Description of the task
Starting with the line that has "Light Grey Solid Color Pocket Overall Dress" in the records below and stopping after the line that has "Empty man hand", output every line exactly and nothing else; skip pictures.

Material for the task

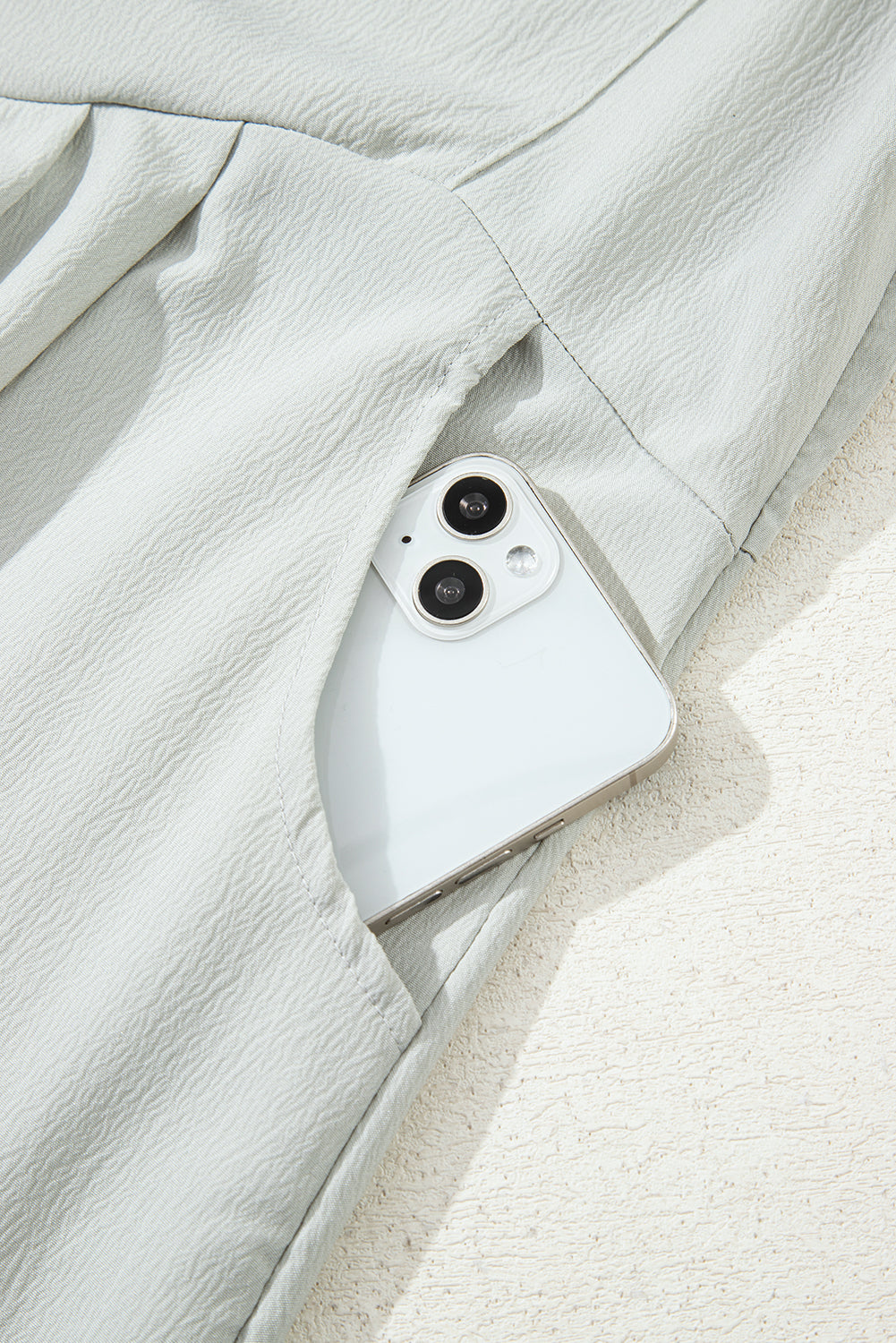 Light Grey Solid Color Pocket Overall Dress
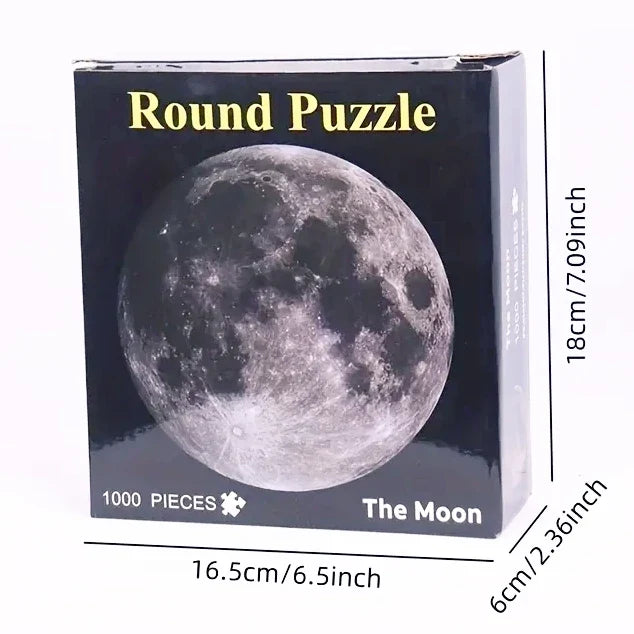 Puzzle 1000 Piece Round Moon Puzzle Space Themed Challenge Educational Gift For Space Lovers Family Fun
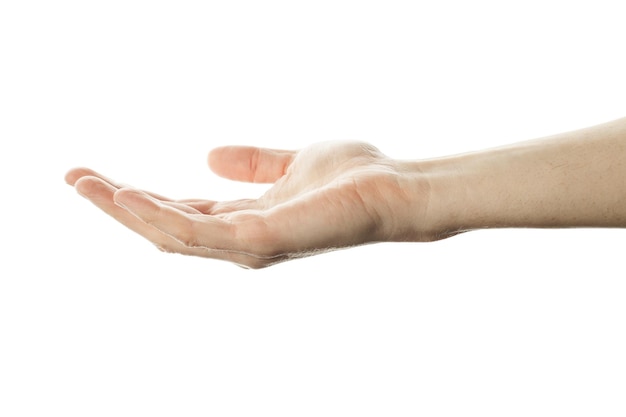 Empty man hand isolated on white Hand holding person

...

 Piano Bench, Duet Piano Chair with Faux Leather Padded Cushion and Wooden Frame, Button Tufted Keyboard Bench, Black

Solution to this task
 Light Grey Solid Color Pocket Overall Dress
 Puzzle 1000 Piece Round Moon Puzzle Space Themed Challenge Educational Gift For Space Lovers Family Fun
 Empty man hand isolated on white Hand holding person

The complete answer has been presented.